- [YOUR ASSIGNMENT]:
Set the data below down again, exactly, with every picture left out.

(Brief descriptive captions)
▼▼▼

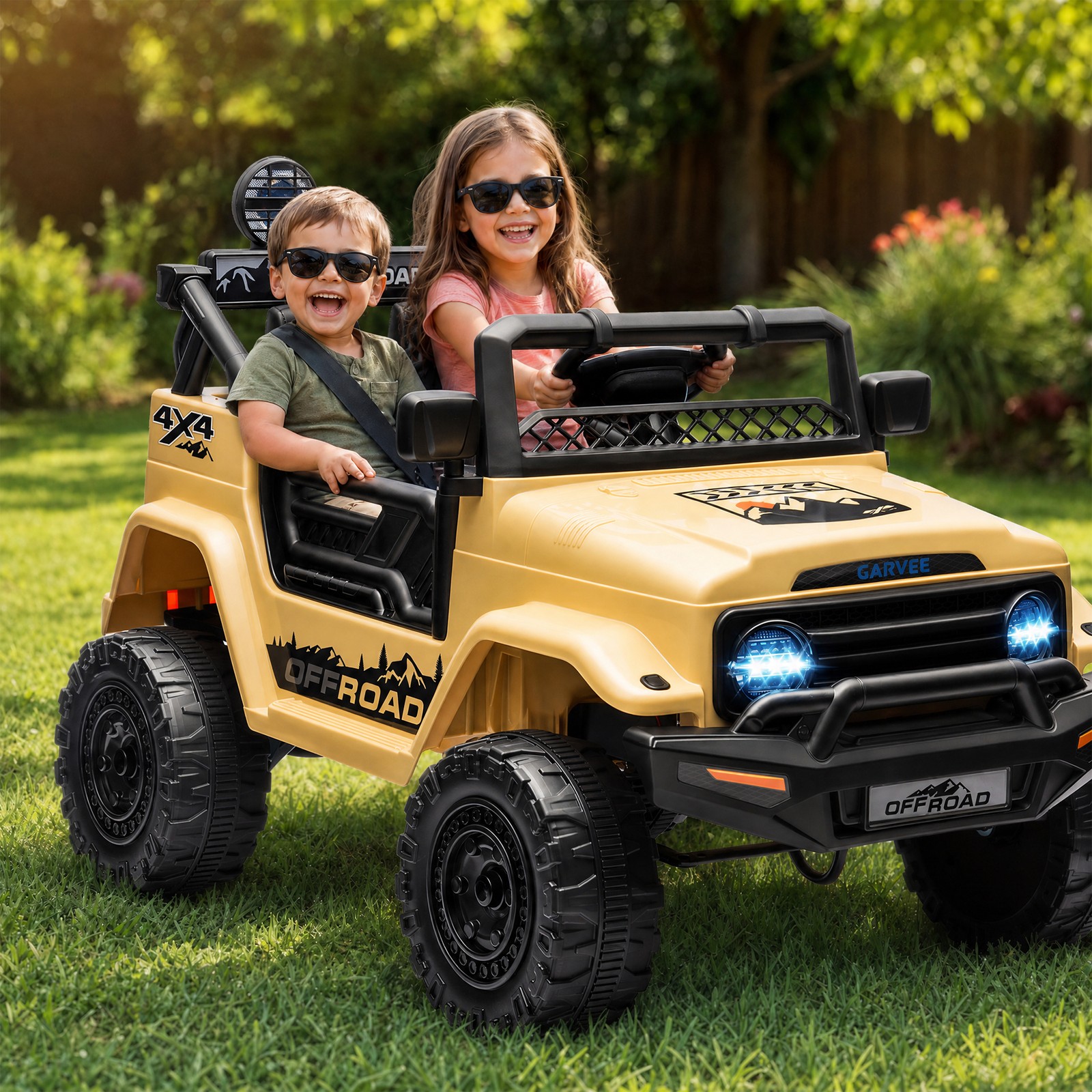 RC Ride on Truck Car 12V Kids Electric Vehicles,LED Lights,Bluetooth,3 Speeds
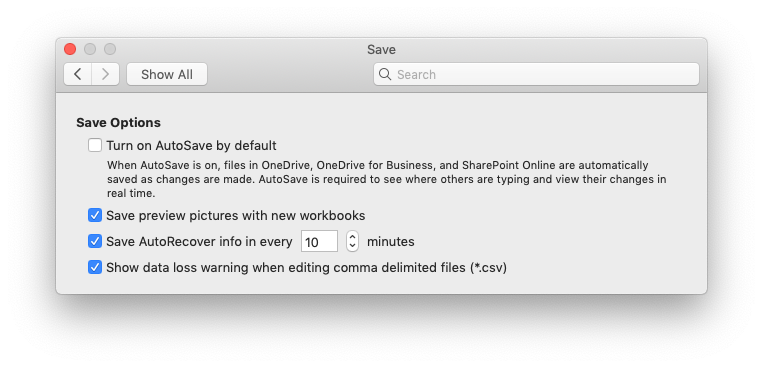 how can you set on mac for microsoft to automatic save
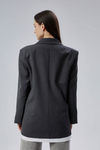 Antrasit Oversize Uzun Blazer Ceket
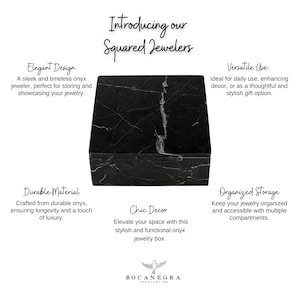 Squared Jewelry Box black marble, Display Box, Decorative Box, Jewelry Organizer, Storage Box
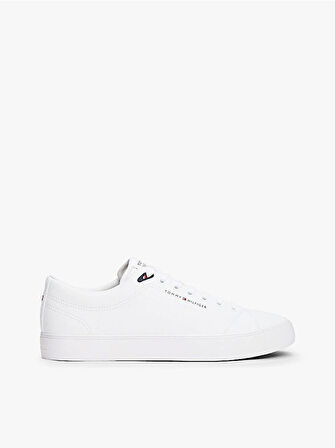 Tommy Hilfiger TH HI VULC CORE LOW LTH II ESS Erkek Beyaz Sneaker FM0FM05511YBS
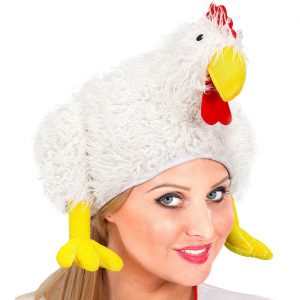 Vogel Hühner Mütze Textilhut Plüsch Huhn sitzt auf dem Kopf und brütet weiß-gelb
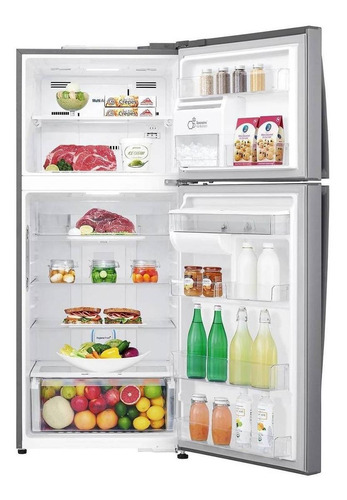 Imagen 3 de 5 de Heladera inverter no frost LG LT41AGP platinum silver con freezer 397L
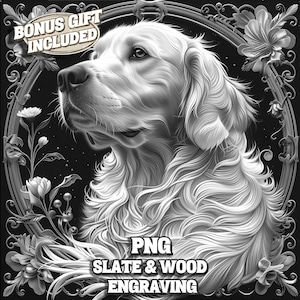 Golden Retriever Lasergravur PNG, Mans Bester Freund mit Blumen PNG, Golden Retriever Schiefer Untersetzer Gravurdatei, Lasergravur bereit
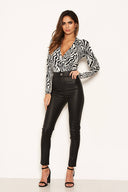 Black Zebra Print Wrap Bodysuit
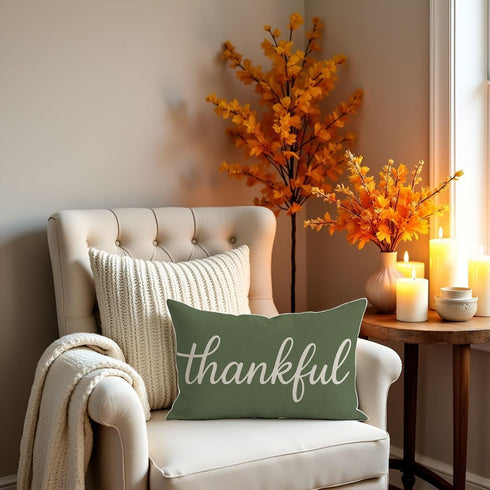 12x20 Inch Thankful Pillow Cover Olive Green Lumbar Decorative Cushion Case Rustic Farmhouse Fall Decor Thanksgiving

▲▲▲

- [RESPONSE TO THIS EXERCISE]:
 RC Ride on Truck Car 12V Kids Electric Vehicles,LED Lights,Bluetooth,3 Speeds
 how can you set on mac for microsoft to automatic save
 Antrasit Oversize Uzun Blazer Ceket
 Squared Jewelry Box black marble, Display Box, Decorative Box, Jewelry Organizer, Storage Box
 Tommy Hilfiger TH HI VULC CORE LOW LTH II ESS Erkek Beyaz Sneaker FM0FM05511YBS
 Vogel Hühner Mütze Textilhut Plüsch Huhn sitzt auf dem Kopf und brütet weiß-gelb
 Imagen 3 de 5 de Heladera inverter no frost LG LT41AGP platinum silver con freezer 397L
 Golden Retriever Lasergravur PNG, Mans Bester Freund mit Blumen PNG, Golden Retriever Schiefer Untersetzer Gravurdatei, Lasergravur bereit
 Black Zebra Print Wrap Bodysuit
 12x20 Inch Thankful Pillow Cover Olive Green Lumbar Decorative Cushion Case Rustic Farmhouse Fall Decor Thanksgiving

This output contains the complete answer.